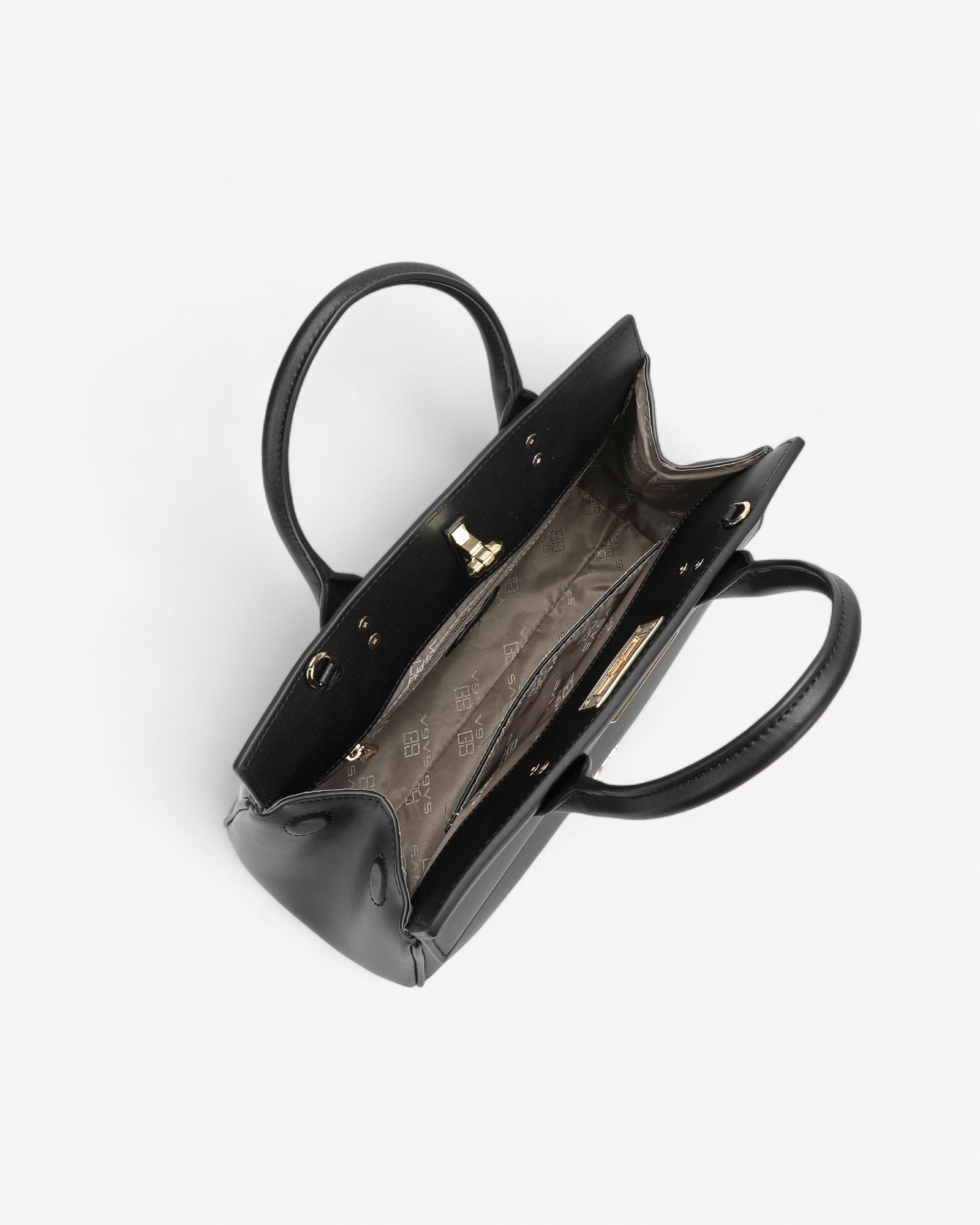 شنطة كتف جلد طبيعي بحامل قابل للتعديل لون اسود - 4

* * *

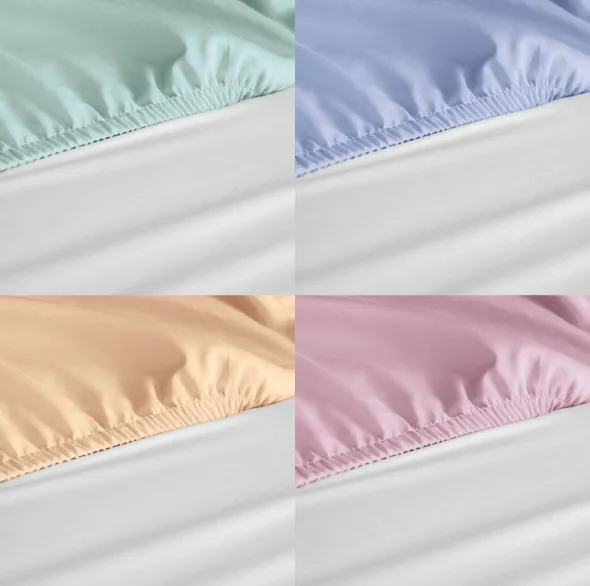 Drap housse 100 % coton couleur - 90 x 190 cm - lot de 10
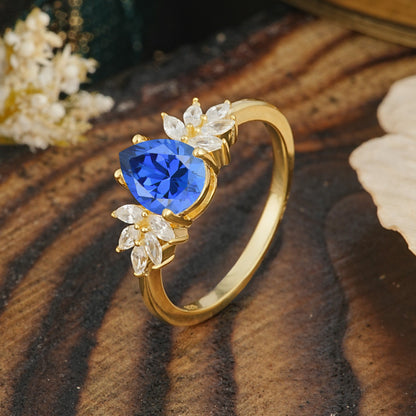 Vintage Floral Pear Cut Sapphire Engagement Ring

* * *

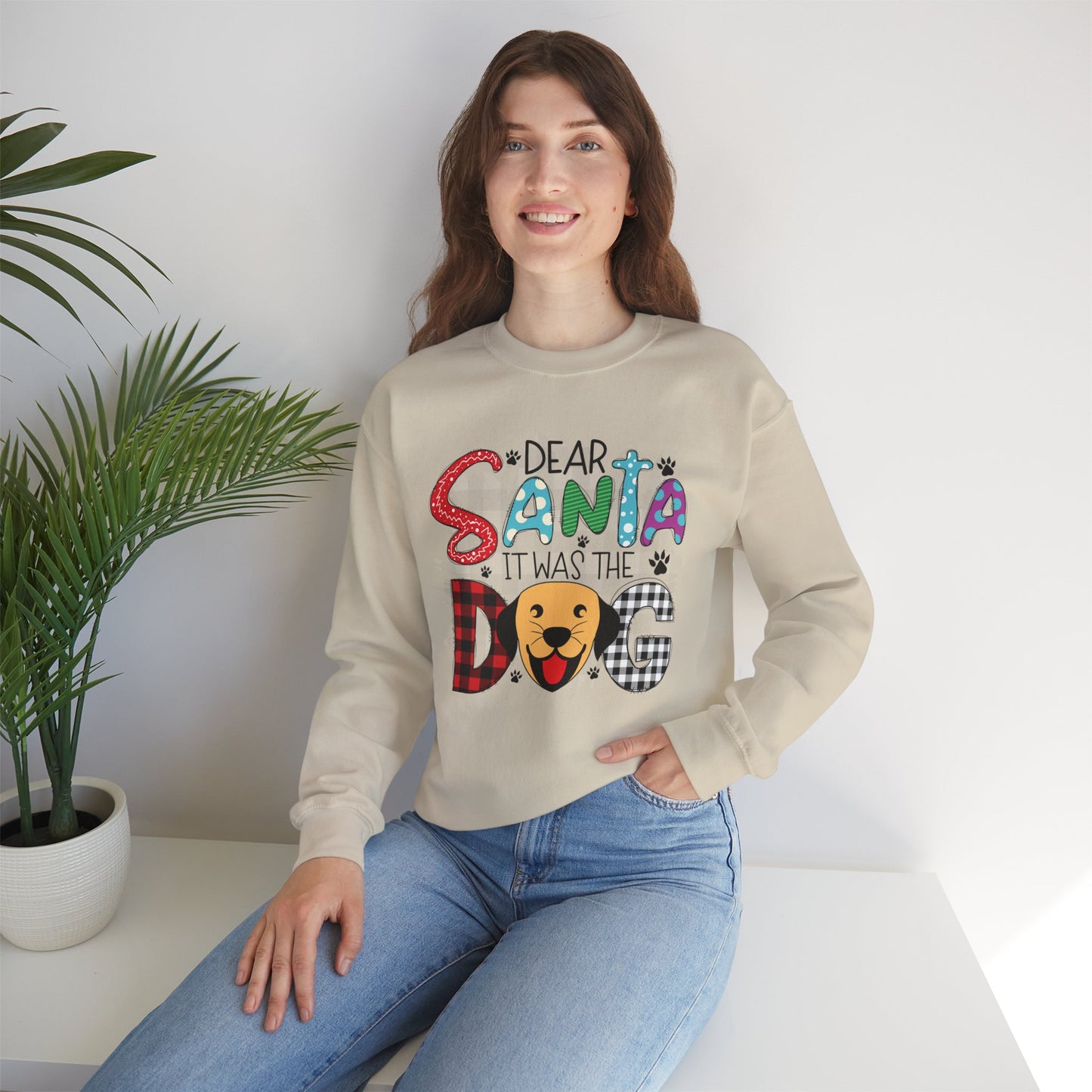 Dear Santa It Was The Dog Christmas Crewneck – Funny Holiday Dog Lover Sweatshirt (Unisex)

▶ **To do**
Reproduce the data above exactly, but only the lines from the one showing "Drap housse 100" through the one showing "Vintage Floral Pear", with both ends kept and the pictures left out.

▶ **Expected output**
 Drap housse 100 % coton couleur - 90 x 190 cm - lot de 10
 Vintage Floral Pear Cut Sapphire Engagement Ring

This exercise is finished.